Hand-built knowledge bases such as Wikipedia have made us all better decision-makers. However more than human editing will be necessary to create a wide variety of domain-specific, deeply comprehensive, more highly structured knowledge bases.

A variety of automated methods have begun to reach levels of accuracy and scalability that make them applicable to automatically constructing useful knowledge bases from text and other sources. These capabilities have been enabled by research in areas including natural language processing, information extraction, information integration, databases, search and machine learning. There are substantial scientific and engineering challenges in advancing and integrating such relevant methodologies.

This workshop gathered researchers in a variety of fields that contribute to the automated construction of knowledge bases.

There has recently been a tremendous amount of new work in this area, some of it in traditionally disconnected communities. In this workshop the organizers aim to bring these communities together.

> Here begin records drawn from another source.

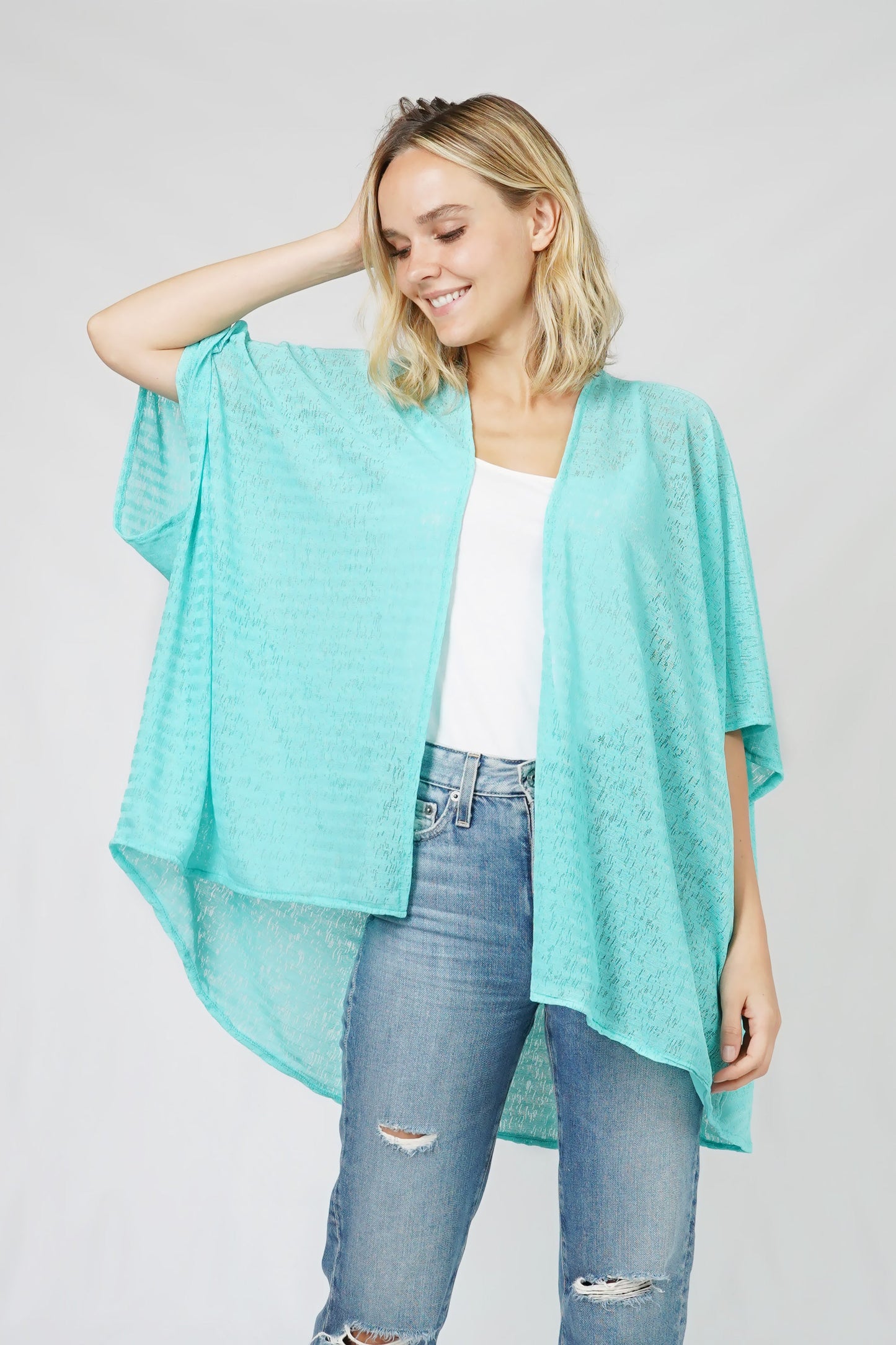 STRIPE TEXTURE KNIT RELAXED KIMONO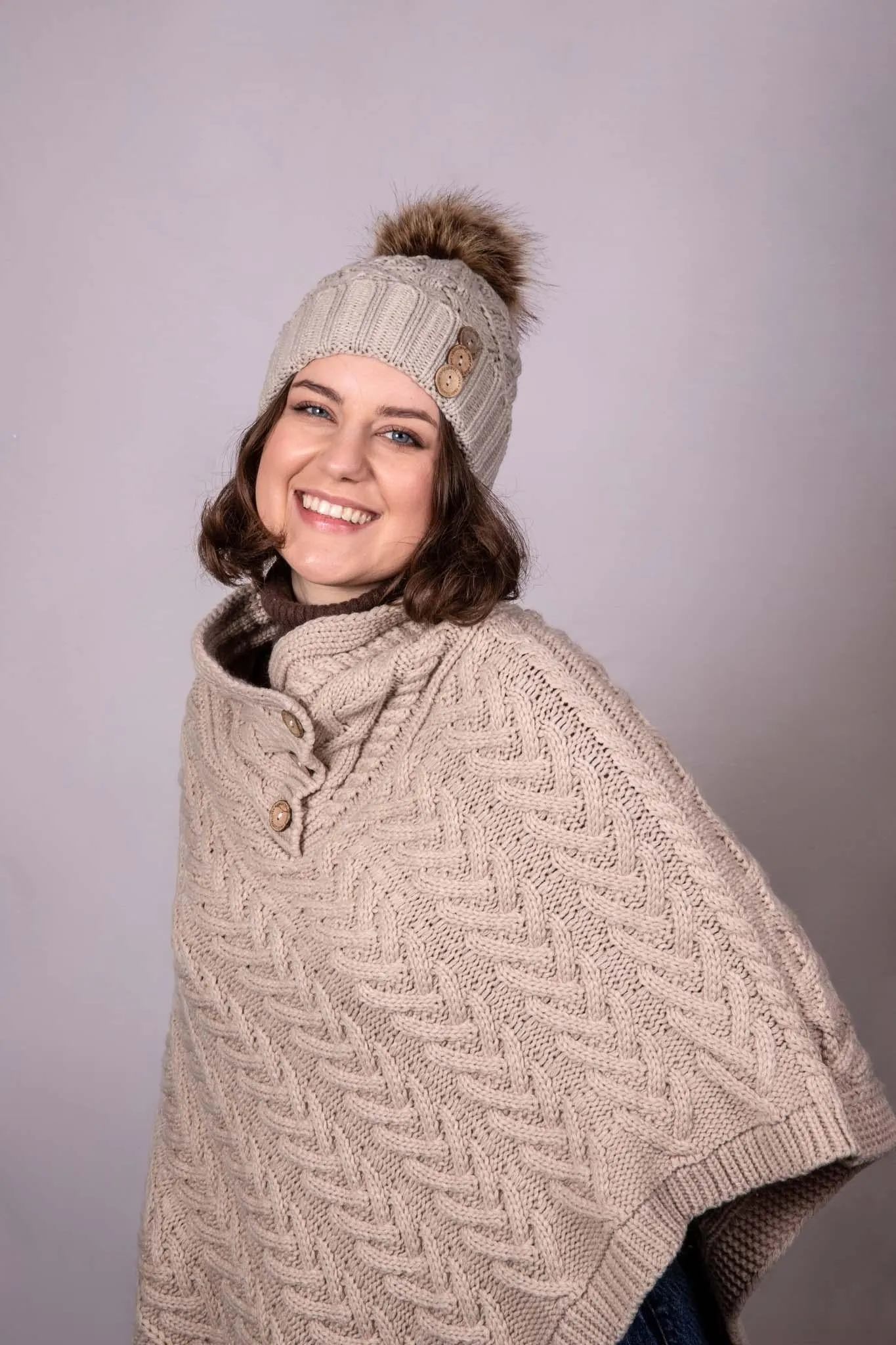 Aran Cable Button Shawl Neck Poncho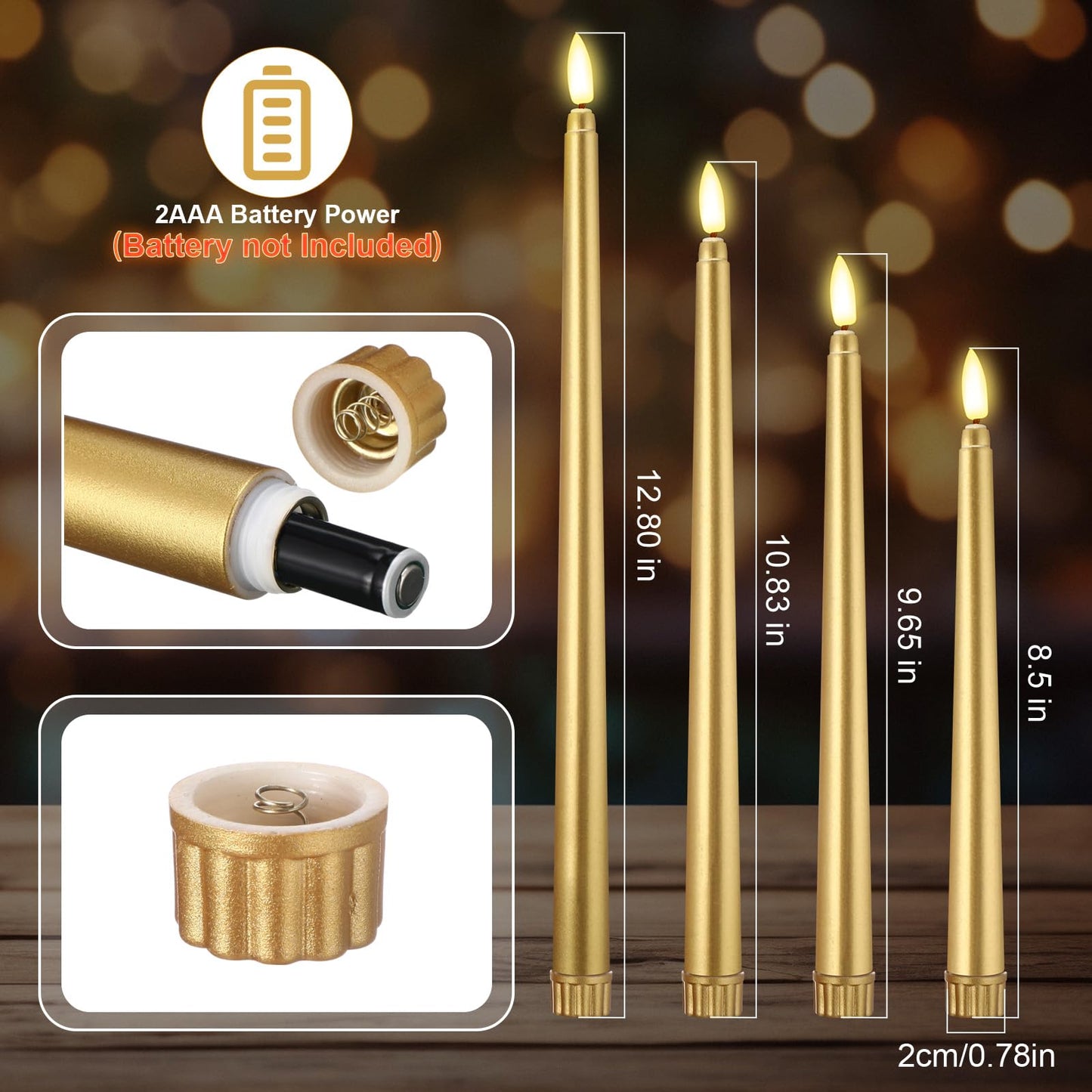 Rossesay 48 Pcs Flameless LED Taper Candles Battery Operated Candles 4 Sizes of 8.5'', 9.65'', 10.83'', 12.8'' Flameless Candlesticks Flickering for Halloween Christmas Church Wedding(Golden)
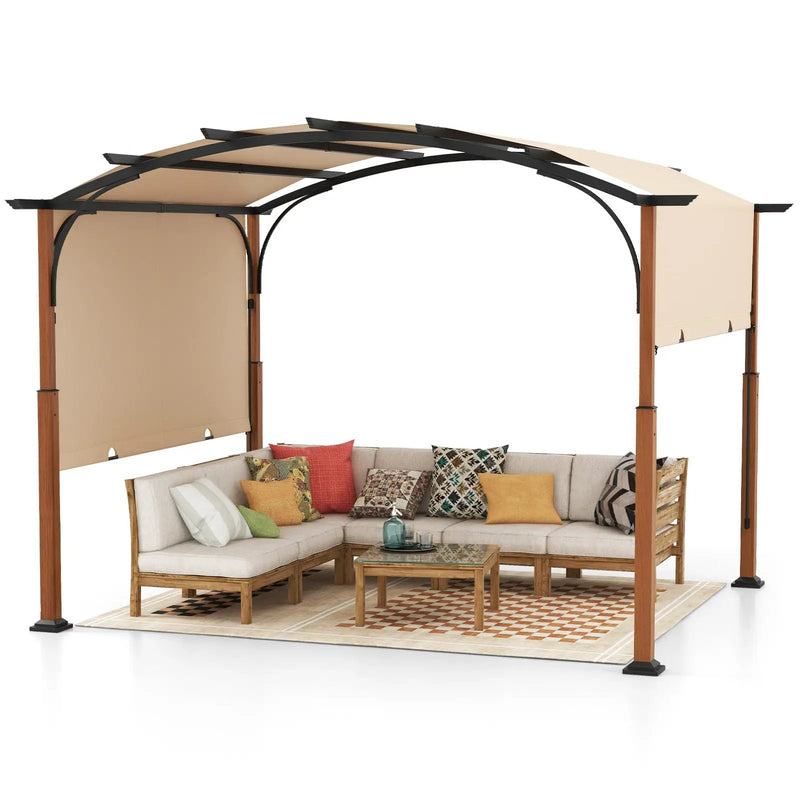10 x 12 FT Outdoor Retractable Pergola with Retractable Canopy for Patio by DirectDeals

Topics of interest include:

  • information extraction; open information extraction, named entity extraction; entity resolution, relation extraction.
  • information integration; schema alignment; ontology alignment; ontology constrution.
  • monolingual alignment, alignment between knowlege bases and text.
  • joint inference between text interpretation and knowledge base
  • pattern analysis, semantic analysis of natural language, reading the web, learning by reading.
  • databases; distributed information systems; probabilistic databases.
  • scalable computation; distributed computation.
  • information retrieval; search on mixtures of structured and unstructured data; querying under uncertainty.
  • machine learning; unsupervised, lightly-supervised and distantly-supervised learning; learning from naturally-available data.
    - human-computer collaboration in knowledge base construction; automated population of wikis.
    - dynamic data, online/on-the-fly adaptation of knowledge.
    - inference; scalable approximate inference.
    - languages, toolkits and systems for automated knowledge base construction.
    - demonstrations of existing automatically-built knowledge bases.